Nie będzie niczego eksponować!
Dodane przez Guardian dnia 04 February 2009 22:13
Wygląda na to, że Emmie Watson faktycznie nie odpowiada wizerunek gwiazdy pełnej seksapilu i erotyki. Jak ostatnio Was informowaliśmy, aktorka obiecywała, że nie stanie się taka jak Lindsay Lohan. Wyraziła także wtedy swoje zdanie na temat krótkich spódniczek i innych prowokujących części garderoby. Także i dzisiaj mamy dla Was kolejną wypowiedź aktorki, na którą tym razem trafił portal Klopsik.
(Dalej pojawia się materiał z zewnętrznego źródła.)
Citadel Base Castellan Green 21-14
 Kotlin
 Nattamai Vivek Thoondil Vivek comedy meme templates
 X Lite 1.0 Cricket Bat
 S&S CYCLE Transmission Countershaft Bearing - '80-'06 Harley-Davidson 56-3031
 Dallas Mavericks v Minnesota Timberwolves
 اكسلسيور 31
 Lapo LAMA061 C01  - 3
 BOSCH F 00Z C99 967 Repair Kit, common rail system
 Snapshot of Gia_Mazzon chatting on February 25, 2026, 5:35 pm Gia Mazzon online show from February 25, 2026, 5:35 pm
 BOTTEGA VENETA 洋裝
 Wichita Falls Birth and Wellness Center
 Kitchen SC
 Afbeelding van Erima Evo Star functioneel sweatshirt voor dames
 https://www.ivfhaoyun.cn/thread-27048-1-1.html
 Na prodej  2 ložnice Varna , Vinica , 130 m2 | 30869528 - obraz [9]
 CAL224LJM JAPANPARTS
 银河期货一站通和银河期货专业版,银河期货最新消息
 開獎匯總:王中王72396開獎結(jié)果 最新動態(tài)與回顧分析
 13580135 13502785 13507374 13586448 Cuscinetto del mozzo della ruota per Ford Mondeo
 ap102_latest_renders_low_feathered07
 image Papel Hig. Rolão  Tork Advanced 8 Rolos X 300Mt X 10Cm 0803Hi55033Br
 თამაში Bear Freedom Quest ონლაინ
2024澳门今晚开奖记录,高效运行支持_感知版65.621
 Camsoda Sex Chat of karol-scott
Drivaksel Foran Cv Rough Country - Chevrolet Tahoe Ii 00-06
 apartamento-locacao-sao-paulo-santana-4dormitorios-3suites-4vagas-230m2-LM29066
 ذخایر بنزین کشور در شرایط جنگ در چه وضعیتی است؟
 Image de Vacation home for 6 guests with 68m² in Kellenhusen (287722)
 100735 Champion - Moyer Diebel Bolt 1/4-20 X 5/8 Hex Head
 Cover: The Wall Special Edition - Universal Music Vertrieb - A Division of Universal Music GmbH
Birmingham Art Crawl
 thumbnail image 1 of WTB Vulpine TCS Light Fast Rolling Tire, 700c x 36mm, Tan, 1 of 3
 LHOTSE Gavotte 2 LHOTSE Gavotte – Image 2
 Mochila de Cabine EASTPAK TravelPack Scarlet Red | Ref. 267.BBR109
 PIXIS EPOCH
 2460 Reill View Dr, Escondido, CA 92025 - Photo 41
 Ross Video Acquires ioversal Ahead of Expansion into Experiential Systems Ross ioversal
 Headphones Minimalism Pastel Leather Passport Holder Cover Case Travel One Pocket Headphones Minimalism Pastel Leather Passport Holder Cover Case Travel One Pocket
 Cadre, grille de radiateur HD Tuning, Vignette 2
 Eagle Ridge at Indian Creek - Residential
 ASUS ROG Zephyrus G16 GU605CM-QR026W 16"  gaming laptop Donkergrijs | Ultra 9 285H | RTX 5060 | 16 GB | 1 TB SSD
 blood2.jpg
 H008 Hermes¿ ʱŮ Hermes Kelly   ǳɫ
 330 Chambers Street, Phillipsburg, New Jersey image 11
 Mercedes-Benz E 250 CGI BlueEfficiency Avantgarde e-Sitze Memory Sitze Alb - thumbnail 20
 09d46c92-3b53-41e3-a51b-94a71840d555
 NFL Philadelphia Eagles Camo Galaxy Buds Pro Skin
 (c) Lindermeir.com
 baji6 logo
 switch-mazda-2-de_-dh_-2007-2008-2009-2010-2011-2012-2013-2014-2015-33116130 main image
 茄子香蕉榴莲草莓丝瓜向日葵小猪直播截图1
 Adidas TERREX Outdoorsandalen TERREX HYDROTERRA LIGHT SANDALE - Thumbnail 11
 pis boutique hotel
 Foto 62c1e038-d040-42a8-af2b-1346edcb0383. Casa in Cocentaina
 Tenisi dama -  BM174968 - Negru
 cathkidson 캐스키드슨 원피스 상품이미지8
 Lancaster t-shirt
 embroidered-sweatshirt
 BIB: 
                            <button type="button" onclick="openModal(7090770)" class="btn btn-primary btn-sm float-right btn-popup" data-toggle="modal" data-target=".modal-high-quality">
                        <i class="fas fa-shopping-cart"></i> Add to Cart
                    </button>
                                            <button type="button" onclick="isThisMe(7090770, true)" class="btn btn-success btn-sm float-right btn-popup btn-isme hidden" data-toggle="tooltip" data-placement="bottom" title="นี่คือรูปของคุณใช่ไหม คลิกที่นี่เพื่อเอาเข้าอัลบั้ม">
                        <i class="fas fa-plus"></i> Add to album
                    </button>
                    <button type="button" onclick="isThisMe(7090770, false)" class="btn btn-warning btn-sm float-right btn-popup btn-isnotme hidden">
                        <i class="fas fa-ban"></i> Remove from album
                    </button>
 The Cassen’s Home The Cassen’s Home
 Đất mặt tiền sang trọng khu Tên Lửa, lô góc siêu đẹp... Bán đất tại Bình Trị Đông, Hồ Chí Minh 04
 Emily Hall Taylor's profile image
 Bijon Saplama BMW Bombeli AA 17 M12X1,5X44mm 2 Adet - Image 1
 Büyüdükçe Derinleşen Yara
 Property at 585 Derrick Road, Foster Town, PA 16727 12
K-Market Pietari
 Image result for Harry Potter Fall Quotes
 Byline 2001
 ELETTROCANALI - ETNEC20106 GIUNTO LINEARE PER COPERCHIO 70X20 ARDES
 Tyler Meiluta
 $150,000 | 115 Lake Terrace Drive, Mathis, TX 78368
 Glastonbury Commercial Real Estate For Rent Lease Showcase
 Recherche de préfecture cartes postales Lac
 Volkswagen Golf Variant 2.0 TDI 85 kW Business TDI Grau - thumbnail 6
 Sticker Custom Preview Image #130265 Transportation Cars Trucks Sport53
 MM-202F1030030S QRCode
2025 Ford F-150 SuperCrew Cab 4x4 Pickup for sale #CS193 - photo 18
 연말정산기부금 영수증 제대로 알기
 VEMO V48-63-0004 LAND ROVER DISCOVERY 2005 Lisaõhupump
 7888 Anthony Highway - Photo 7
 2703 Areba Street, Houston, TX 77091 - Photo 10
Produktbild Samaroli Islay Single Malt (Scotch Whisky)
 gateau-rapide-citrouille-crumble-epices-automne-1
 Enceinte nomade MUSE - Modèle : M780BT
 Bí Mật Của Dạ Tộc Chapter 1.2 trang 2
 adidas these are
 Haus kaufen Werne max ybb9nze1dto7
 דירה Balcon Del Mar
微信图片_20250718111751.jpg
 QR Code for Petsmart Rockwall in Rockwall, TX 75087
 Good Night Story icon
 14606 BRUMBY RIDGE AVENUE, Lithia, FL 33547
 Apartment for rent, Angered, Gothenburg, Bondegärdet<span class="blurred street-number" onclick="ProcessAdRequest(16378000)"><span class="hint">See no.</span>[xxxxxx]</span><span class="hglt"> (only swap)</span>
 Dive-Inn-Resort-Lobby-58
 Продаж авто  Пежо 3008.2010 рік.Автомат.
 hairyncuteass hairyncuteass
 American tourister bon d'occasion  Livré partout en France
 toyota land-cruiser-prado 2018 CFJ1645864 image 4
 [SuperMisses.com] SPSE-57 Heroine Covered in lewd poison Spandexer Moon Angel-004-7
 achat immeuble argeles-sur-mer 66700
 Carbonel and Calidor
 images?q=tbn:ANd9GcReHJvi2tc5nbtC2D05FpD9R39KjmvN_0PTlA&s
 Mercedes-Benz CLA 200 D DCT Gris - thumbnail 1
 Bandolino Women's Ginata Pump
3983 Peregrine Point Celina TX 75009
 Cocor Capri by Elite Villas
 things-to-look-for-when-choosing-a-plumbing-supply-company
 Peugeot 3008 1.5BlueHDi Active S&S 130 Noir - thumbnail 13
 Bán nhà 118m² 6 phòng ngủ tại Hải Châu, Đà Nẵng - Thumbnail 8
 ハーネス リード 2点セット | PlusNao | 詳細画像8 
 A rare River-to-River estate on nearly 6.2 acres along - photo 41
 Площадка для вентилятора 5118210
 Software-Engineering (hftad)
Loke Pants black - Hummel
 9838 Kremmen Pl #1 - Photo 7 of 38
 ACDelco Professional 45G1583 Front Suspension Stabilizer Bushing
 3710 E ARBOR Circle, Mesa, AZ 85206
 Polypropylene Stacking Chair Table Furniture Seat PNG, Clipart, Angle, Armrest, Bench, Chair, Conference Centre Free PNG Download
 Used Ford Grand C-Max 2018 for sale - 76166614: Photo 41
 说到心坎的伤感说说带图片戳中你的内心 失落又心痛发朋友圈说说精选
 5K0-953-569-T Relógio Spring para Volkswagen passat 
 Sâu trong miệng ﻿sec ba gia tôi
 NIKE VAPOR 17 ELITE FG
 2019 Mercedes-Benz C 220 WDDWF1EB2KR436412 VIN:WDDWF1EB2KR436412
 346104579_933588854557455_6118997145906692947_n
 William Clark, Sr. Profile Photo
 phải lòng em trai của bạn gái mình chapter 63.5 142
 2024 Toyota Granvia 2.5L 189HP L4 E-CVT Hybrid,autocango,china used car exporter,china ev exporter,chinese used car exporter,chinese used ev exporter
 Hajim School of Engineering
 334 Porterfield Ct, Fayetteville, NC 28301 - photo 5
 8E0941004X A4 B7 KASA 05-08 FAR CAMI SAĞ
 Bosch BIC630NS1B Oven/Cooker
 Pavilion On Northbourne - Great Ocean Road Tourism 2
"Jeśli udzielam wywiadu ze zdjęciami, ludzie chcą rozjaśniać mi włosy, regulować brwi, poprawiać grzywkę i tak dalej... Wszyscy chcą moich zdjęć w minispódniczce. Ale wtedy czuję się nieswojo, bo ani nie lubię eksponować seksapilu, ani nie chodzę w minispódniczkach. Moim zdaniem mniej znaczy więcej. Im mniej odkrywasz, tym więcej pozostawiasz dla wyobraźni widza. Paradowanie z majtkami i cyckami na wierzchu nie jest dla mnie niczym seksownym..."


Czyżby aktorka rzeczywiście chciała zostać grzeczną dziewczynką?